1.4 – La SS • En 1922, Hitler décide la constitution d'une garde personnelle qui prend d'abord le nom de « Garde du poignard », puis de « Troupe de Choc Adolf Hitler », laquelle participe au putsch de Munich. • À sa sortie de prison, Hitler reprend l'idée et ainsi nait la SS. Ce n'est alors qu'un petit groupe de 300 hommes qui, à partir du 6 janvier 1929, sont commandés par le Reichsführer SS Heinrich Himmler. • Himmler rêve de faire du groupe l'élite du nazisme, et d'abord une élite raciale. Sur les conseils de Darré, il soumet le recrutement à de sévères critères raciaux. Les candidats doivent prouver leur ascendance aryenne jusqu'au XVIIIe siècle et ne peuvent se marier qu'avec l'accord de leurs chefs.
Tout en veillant à développer les effectifs, il fait en sorte de contrôler la croissance du groupe, afin de le tenir en main. En 1933, Himmler dispose de 50 000 SS qui ne sont encore qu'une police du parti et une organisation d'importance secondaire par rapport à la puissante SA. • Après 1933, le rôle de la SS devient fondamental dans le cadre du processus de transformation de l'Allemagne. Elle participe à l'entreprise d'intimidation et est intégrée dans les forces de police auxiliaire. Surtout, elle participe à l'occupation des mairies des Lander. • Mais le véritable tournant de l'histoire de la SS se situe en 1934, lorsque Hitler décapite la SA. Durant l'année 1934, Heydrich s'efforce d'accroître les tensions entre la SA, la Wehrmacht et les dirigeants du parti. S'appuyant sur la SS, Hitler peut procéder au massacre de l'état-major de la SA. Röhm disparu, l'organisation rivale décapitée, la voie est libre pour Himmler et la SS.
D’abord force de police, la SS va fonder sa puissance sur le contrôle de toute la police allemande. Police du parti, elle devient police politique de l'État nazi, grâce à l'accession d'Himmler à la direction suprême de la Gestapo. Dépendant du même chef, Gestapo et SS deviennent deux branches de la même organisation. • En 1935, la SS se subdivise en plusieurs branches : • Les Allgemeine SS sont des militants politiques, mais qui restent dans la vie civile. • Les SS-Verfungungstruppe (« Troupes SS à disposition ») sont militairement enrégimentés. Au début de la guerre, il s'agit d'une petite armée de 28 000 hommes sur les 240 000 que comprend la SS. Une partie forme la garde personnelle d'Hitler, la Leibstandarte Adolf Hitler. • Un troisième groupe, les SS-Totenkopfverbande (« SS à tête de mort »), est chargé de la garde des camps de concentration.
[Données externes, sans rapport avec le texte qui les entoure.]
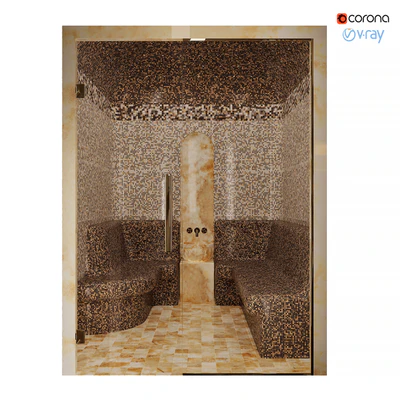 Hamam / Хамам — Вид 1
En 1936, le Reichsführer SS devient chef de toute la police allemande et le SD, service de renseignements des SS, fondé par Heydrich, est intégré à l'État comme service de renseignements et de contre-espionnage. • Jusqu'en 1933, la SS recrute parmi les anciens des Corps francs, les intellectuels ratés et les militants nazis. Après 1934, la SS attire des membres de l'aristocratie qui vont peupler les postes supérieurs, des intellectuels, des économistes qui viennent y faire carrière, des membres de la classe moyenne, etc.. • Pour financer son organisation, Himmler crée un cercle d'industriels, banquiers, hommes d'affaires qui subventionnent la SS, attendant en échange une protection pour leurs affaires. • À ce groupe, relativement peu nombreux (il n'atteindra jamais les 250 000 hommes), Himmler entend donner une organisation fondée sur le modèle des ordres religieux et en particulier des jésuites.